You are given the opportunity to make money by betting a total of 100 bucks on the outcome of two simultaneous matches:

  • Match A is between the Pink team and the Maroon team
  • Match B is between the Brown team and the Cyan team

The Pink team's probability of victory is 40%. The Brown team's probability of victory is 70%. The betting odds are

  • Pink: 7:4
  • Maroon: 2:3
  • Brown: 1:4
  • Cyan: 3:1

How much money do you bet on each team? You do not have to bet all 100 bucks, but your bets must be whole numbers and the total of all five blanks (bets on the four teams and the unbet amount) must sum to 100. There is no single "correct" answer, but there are many "wrong" answers.
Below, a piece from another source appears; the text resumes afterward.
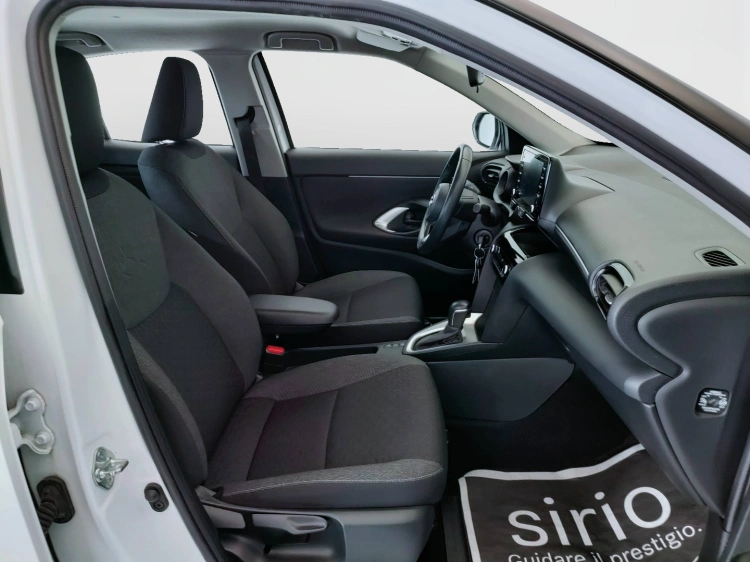 14 - Toyota Yaris Cross Yaris Cross 1.5h Active fwd 116cv e-cvt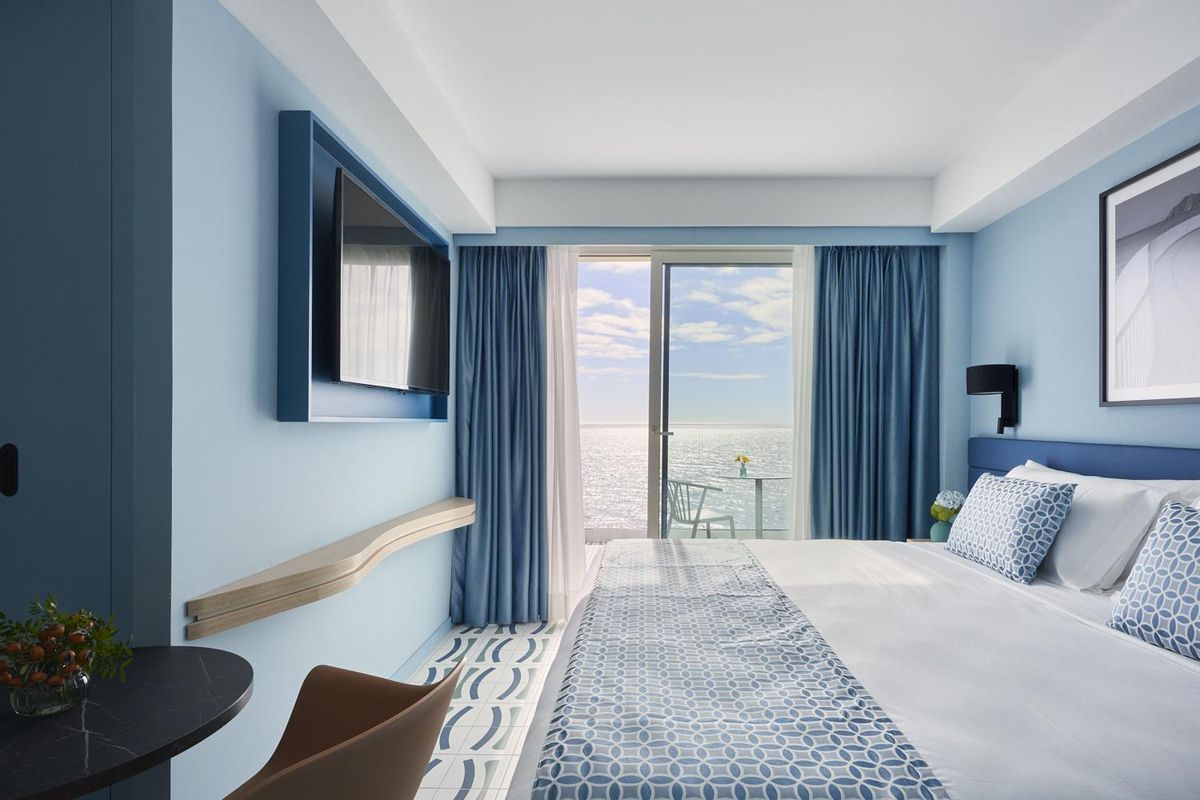 En Barceló Benidorm Beach abres la terraza, te sientas en la silla y chocas con la Playa de Levante.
As a reminder, a hypothetical team having 2:7 odds means that if you bet 7 on that team and they win, you get your 7 bucks bet back and win an additional 2 bucks.


My solution

Equation of expected payoff

$$ \left(P+ \frac{7}{4}P\right)0.4 + \left(M + \frac{2}{3}M\right)0.6+\left(B+\frac{1}{4}B\right)0.7+(C+3C)0.3 + R(unbet) $$

By looking at this, I concluded that betting on $B$ is not a good strategy so $B = 0$. Now the problem has become to maximize the following

$$ 1.1P + M + 1.2C + R $$

Since $P+M+C+R = 100$, the final problem has reduced to maximizing $0.1 P + 0.2 C$. Is my approach correct?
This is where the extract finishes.